Es war fast die letzte Chance für den streitlustigen Bahnchef Hartmut Mehdorn. In einer Sitzung des Konzernbetriebsrats am Freitag in Frankfurt...

Frankfurt. Es war fast die letzte Chance für den streitlustigen Bahnchef Hartmut Mehdorn. In einer Sitzung des Konzernbetriebsrats am Freitag in Frankfurt brachte er zwei Sätze über die Lippen, die er eine Woche lang vermieden hatte. Sie könnten ihm den Posten retten, sofern die Aufklärung der Datenaffäre gelingt und der Konzern zumindest bei diesem Thema wieder zur Ruhe kommt.

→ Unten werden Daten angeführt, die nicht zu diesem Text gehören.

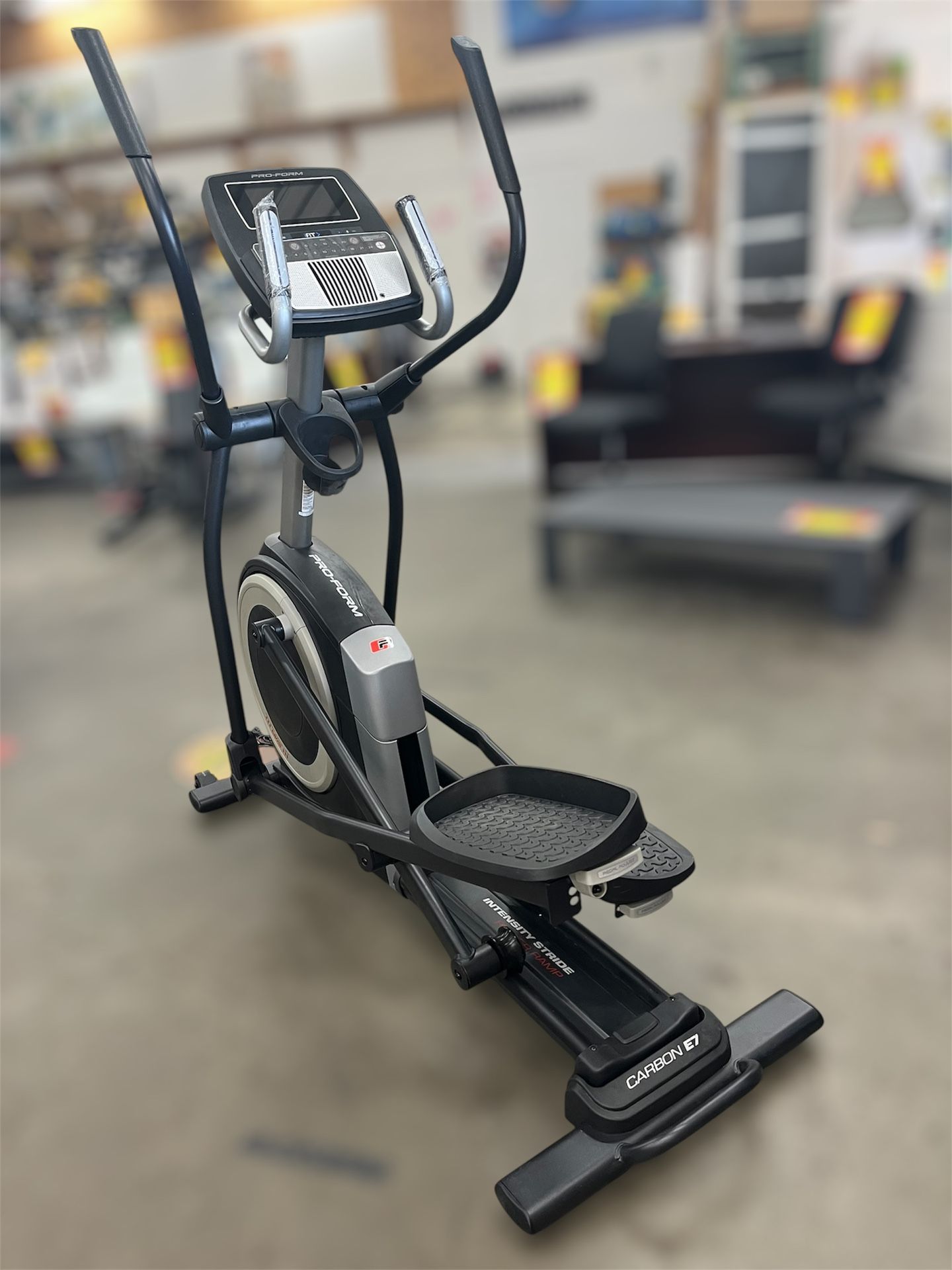 Pro-Form Carbon E7 Elliptical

Mehdorn sagte, der Bahnvorstand bedauere, dass es bei den Überprüfungen von Mitarbeitern "zu Verstößen gekommen ist und kein Gremium der Arbeitnehmerinteressenvertretung informiert war". Und: "Er entschuldigt sich dafür bei seinen Mitarbeitern."

Gewerkschaften und Betriebsrat hatten dies tagelang gefordert. Mehdorn hat jetzt zumindest Zeit gewonnen. Dem Konzernbetriebsrat reichte die Entschuldigung fürs Erste aus. Ihr müsse allerdings eine lückenlose Aufklärung folgen, sagte Vizevorsitzender Jens Schwarz. Bei dem Treffen mit den Betriebsräten ging es laut zur Sache. Die Stimmung sei nicht gerade freundlich gewesen, berichteten Teilnehmer. Der Rücktritt Mehdorns sei aber nicht gefordert worden.

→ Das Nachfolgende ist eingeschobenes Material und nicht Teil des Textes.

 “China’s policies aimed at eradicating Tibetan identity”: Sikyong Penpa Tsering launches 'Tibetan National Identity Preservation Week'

Die Gewerkschaften Transnet und GDBA sprachen nachher von einem ersten Schritt, die "Schnüffelaffäre" sei damit aber nicht aus der Welt. Sie beharren auf einer Sondersitzung des Bahn-Aufsichtsrates am kommenden Dienstag und werden dabei von Bundesverkehrsminister Wolfgang Tiefensee (SPD) unterstützt. Aufsichtsratschef Werner Müller will das Kontrollgremium erst eine Woche später versammeln.

Der Terminstreit war am Freitag noch nicht entschieden. Bahn-Vertreter werden sich spätestens am kommenden Mittwoch wieder zur Sache äußern müssen. Dann befasst sich der Verkehrsausschuss des Bundestages aufs Neue mit der Affäre. Zu mehr als 100 Fragen verlangt er Antworten. Bahnmitarbeiter und Öffentlichkeit interessiert vor allem: War es zur Korruptionsabwehr nötig, rund drei Viertel aller Beschäftigten zu überprüfen?

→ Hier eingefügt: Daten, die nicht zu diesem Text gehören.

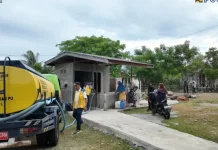 Ministry Sends 18,000L Water to Drought Victims in Aceh Besar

Diente der Datenabgleich mit Adressen, Telefonnummern und Bankverbindungen von Lieferfirmen wirklich nur dem Ziel, Betrug und Bestechung aufzuklären? Warum wurden die unbescholtenen Mitarbeiter nicht wenigstens nach der Datenkontrolle informiert? Weitere Fragen dürften folgen.

In Zukunft will die Bahn auf alle Fälle vorsichtiger mit Personaldaten umgehen. Der Vorstand erklärte, "dass im Jahre 2009 keine Daten zur Mitarbeiterüberprüfung genutzt oder übermittelt werden".